My business trip started with a taxi ride from the bottom of Leith Walk in Edinburgh, I got to London, spent two days in business meetings and then flew home. I read Barricade in that time.
I mention my own travelling not just to illustrate how fast moving and compelling Barricade is but also because our cold blooded anti-hero Kenstibec also starts his adventure in a taxi that leaves Leith Walk. He also heads to London.
Kenstibec’s trip is a challenge though. The world is locked in the nuclear winter and the countryside between Edinburgh and London is teaming with hostile tribes of humans. They want nothing else but to kill Kenstibec.
Those pesky humans.
Our taxi driving hero isn’t human. He’s a “Ficial”. He’s an engineered race of super-humans and isn’t affected terribly by the plagues sweeping the land or bullets for that matter. It would take a couple of shots to the head to kill him.

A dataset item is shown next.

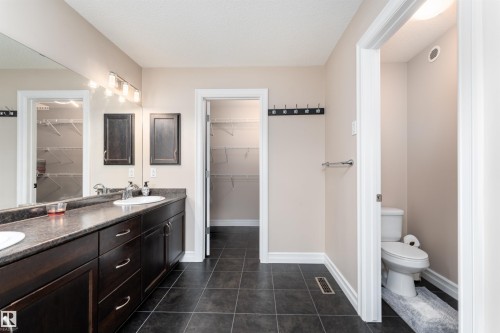 11535 16 Avenue, Edmonton, AB - Indoor Photo Showing Bathroom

As a Ficial Kenstibec makes for a strange hero. He seems to be without emotion or mercy and yet… oddly, he’s a strangely empathic character. After all; it’s hardly his fault that the humans (the Reals) didn’t line up for termination as Control thought they would. They’re so unpredictable.
Kenstibec isn’t taking his armoured Land Rover down to London for fun. He’s a taxi driver with a fare. The passenger today is a Ficial created to be a pleasure toy for the humans but is now doing well in her new career as TV star for the Ficials and as a reporter.

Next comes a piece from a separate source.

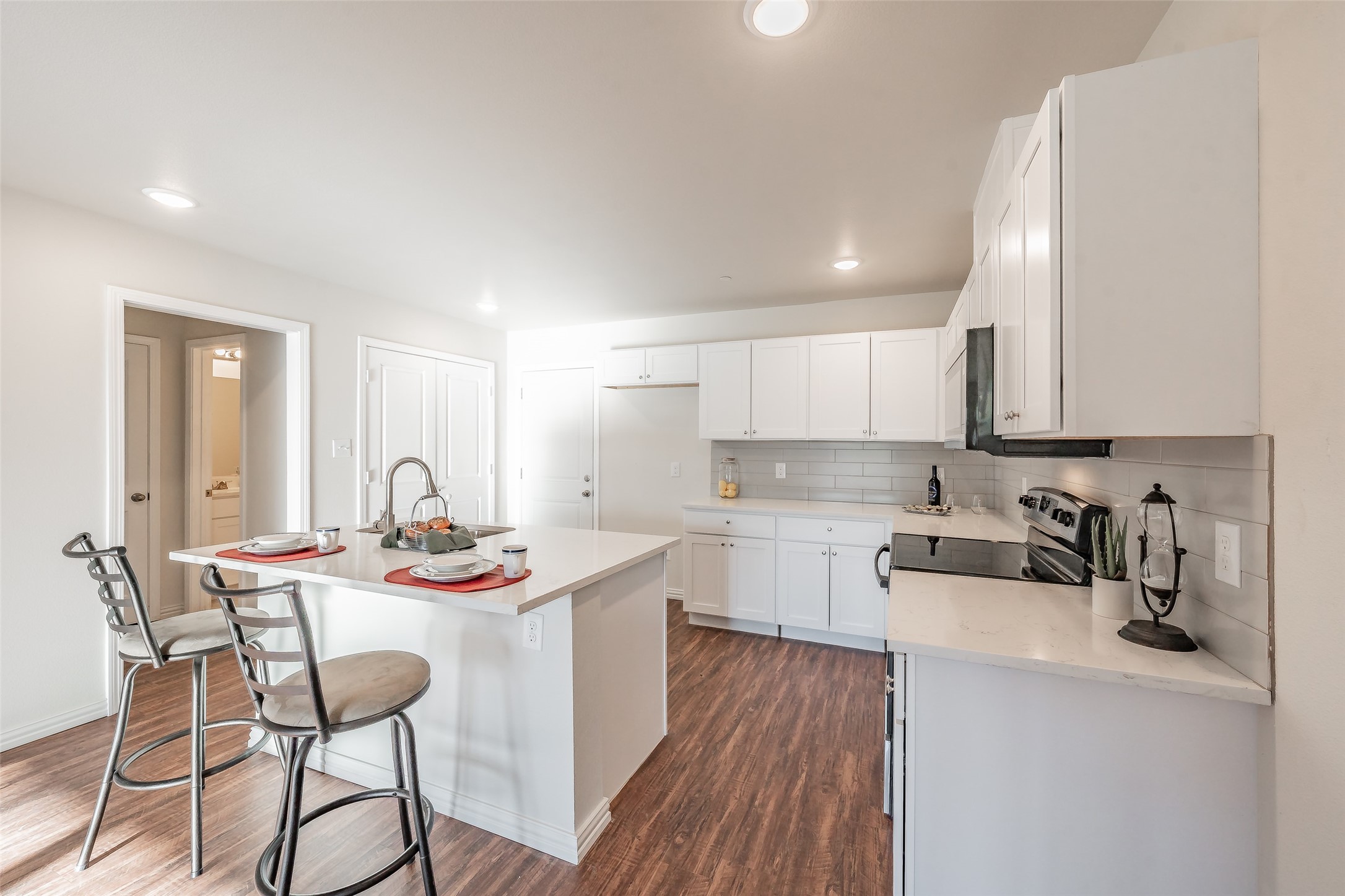 6215 Roby Drive Arlington TX 76001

The trouble for Kenstibec escalates when the King of Newcastle, a Real who has managed to organise some of the tribes, becomes aware of the taxi fare down to London. Whereas Kenstibec can take on a Real or two, he was built for construction, not fighting, and soon there’s a whole tribe after him.
I really enjoyed Jon Wallace’s Barricade. The idea of barricades going up around cities in a post-apocalyptic Britain seems to be a popular one but having the hero as the non-human is a real twist on things. Barricade is dark at times, dead pan funny at others – especially as the emotionless Ficials struggle with human nature – and full of drama.
My copy of Barricade was provided for review. Jon Wallace, Gollancz.